* **AIM OF THE EXERCISE**: Give the data again exactly, from its opening line through the line in which "3D Floral Fantasy Dalmatian Mug Wrap PNG" appears.

Collected data entries:
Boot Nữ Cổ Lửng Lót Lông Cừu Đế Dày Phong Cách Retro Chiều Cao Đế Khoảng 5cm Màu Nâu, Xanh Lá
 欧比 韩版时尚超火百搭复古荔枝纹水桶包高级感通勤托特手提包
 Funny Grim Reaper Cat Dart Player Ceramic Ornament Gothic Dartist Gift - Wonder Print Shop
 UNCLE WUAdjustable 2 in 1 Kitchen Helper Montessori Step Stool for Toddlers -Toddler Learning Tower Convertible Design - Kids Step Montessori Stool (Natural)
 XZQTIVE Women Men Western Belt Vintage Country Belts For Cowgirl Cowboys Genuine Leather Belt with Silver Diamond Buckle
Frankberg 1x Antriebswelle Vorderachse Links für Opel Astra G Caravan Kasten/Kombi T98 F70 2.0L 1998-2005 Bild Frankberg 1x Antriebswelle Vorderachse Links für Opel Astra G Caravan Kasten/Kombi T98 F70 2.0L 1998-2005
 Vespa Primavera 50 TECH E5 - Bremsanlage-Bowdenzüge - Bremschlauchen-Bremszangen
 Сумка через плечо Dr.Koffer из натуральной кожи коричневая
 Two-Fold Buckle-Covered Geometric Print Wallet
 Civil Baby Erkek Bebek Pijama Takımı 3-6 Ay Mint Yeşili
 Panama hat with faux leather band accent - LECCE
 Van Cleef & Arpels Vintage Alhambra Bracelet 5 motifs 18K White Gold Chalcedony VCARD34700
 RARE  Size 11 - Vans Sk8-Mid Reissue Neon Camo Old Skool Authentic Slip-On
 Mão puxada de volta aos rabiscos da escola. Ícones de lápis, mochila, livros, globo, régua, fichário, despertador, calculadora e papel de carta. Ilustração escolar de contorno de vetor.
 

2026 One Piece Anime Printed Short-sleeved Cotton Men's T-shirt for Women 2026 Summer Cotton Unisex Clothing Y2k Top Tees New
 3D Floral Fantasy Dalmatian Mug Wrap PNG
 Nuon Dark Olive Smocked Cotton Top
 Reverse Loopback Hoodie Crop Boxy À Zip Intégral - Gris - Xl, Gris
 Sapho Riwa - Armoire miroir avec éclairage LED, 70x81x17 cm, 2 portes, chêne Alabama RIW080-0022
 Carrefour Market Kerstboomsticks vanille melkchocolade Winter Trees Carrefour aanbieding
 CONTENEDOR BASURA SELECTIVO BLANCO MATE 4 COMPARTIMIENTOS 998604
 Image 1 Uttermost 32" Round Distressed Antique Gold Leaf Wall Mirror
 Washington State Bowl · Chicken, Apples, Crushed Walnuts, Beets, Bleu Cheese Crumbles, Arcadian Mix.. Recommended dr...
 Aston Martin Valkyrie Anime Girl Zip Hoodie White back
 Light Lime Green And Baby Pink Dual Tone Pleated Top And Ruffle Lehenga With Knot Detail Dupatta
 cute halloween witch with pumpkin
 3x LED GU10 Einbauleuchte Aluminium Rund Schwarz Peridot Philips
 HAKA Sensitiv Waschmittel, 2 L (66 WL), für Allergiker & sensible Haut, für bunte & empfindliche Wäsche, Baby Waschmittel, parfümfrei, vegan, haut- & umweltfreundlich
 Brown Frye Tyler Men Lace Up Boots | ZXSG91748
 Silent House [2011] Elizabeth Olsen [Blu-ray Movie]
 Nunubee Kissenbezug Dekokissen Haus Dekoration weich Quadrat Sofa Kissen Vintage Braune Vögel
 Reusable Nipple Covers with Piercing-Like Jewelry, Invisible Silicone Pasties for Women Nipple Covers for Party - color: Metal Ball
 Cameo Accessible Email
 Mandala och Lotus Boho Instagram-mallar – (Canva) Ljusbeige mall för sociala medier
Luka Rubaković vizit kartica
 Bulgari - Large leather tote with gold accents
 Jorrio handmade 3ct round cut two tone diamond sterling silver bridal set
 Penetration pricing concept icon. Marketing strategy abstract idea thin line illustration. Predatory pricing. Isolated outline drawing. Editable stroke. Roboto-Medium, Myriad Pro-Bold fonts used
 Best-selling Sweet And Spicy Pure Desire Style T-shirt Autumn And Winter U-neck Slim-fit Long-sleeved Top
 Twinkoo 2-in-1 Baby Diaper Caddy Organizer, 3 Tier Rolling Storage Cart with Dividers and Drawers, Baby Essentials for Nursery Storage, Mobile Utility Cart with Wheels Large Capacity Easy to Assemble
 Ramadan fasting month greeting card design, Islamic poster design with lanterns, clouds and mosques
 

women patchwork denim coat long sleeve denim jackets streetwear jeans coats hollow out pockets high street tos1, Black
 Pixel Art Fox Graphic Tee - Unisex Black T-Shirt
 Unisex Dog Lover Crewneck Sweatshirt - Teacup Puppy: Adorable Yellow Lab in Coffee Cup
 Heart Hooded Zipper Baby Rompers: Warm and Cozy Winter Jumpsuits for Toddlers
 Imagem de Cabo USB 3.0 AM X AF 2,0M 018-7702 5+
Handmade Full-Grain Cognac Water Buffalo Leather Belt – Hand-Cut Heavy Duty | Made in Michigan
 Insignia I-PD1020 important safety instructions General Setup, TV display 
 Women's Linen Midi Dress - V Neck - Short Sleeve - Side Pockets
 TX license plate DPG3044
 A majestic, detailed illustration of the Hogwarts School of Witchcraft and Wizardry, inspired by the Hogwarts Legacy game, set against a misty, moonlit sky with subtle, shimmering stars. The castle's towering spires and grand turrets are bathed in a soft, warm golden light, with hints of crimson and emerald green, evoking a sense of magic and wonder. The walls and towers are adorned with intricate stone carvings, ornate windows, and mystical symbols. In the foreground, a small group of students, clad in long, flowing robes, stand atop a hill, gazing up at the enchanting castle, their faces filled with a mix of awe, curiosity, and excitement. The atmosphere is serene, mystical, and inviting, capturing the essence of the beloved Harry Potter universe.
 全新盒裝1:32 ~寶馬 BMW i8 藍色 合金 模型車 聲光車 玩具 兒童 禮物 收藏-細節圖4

* **COMPLETED TASK**:
Boot Nữ Cổ Lửng Lót Lông Cừu Đế Dày Phong Cách Retro Chiều Cao Đế Khoảng 5cm Màu Nâu, Xanh Lá
 欧比 韩版时尚超火百搭复古荔枝纹水桶包高级感通勤托特手提包
 Funny Grim Reaper Cat Dart Player Ceramic Ornament Gothic Dartist Gift - Wonder Print Shop
 UNCLE WUAdjustable 2 in 1 Kitchen Helper Montessori Step Stool for Toddlers -Toddler Learning Tower Convertible Design - Kids Step Montessori Stool (Natural)
 XZQTIVE Women Men Western Belt Vintage Country Belts For Cowgirl Cowboys Genuine Leather Belt with Silver Diamond Buckle
Frankberg 1x Antriebswelle Vorderachse Links für Opel Astra G Caravan Kasten/Kombi T98 F70 2.0L 1998-2005 Bild Frankberg 1x Antriebswelle Vorderachse Links für Opel Astra G Caravan Kasten/Kombi T98 F70 2.0L 1998-2005
 Vespa Primavera 50 TECH E5 - Bremsanlage-Bowdenzüge - Bremschlauchen-Bremszangen
 Сумка через плечо Dr.Koffer из натуральной кожи коричневая
 Two-Fold Buckle-Covered Geometric Print Wallet
 Civil Baby Erkek Bebek Pijama Takımı 3-6 Ay Mint Yeşili
 Panama hat with faux leather band accent - LECCE
 Van Cleef & Arpels Vintage Alhambra Bracelet 5 motifs 18K White Gold Chalcedony VCARD34700
 RARE  Size 11 - Vans Sk8-Mid Reissue Neon Camo Old Skool Authentic Slip-On
 Mão puxada de volta aos rabiscos da escola. Ícones de lápis, mochila, livros, globo, régua, fichário, despertador, calculadora e papel de carta. Ilustração escolar de contorno de vetor.
 

2026 One Piece Anime Printed Short-sleeved Cotton Men's T-shirt for Women 2026 Summer Cotton Unisex Clothing Y2k Top Tees New
 3D Floral Fantasy Dalmatian Mug Wrap PNG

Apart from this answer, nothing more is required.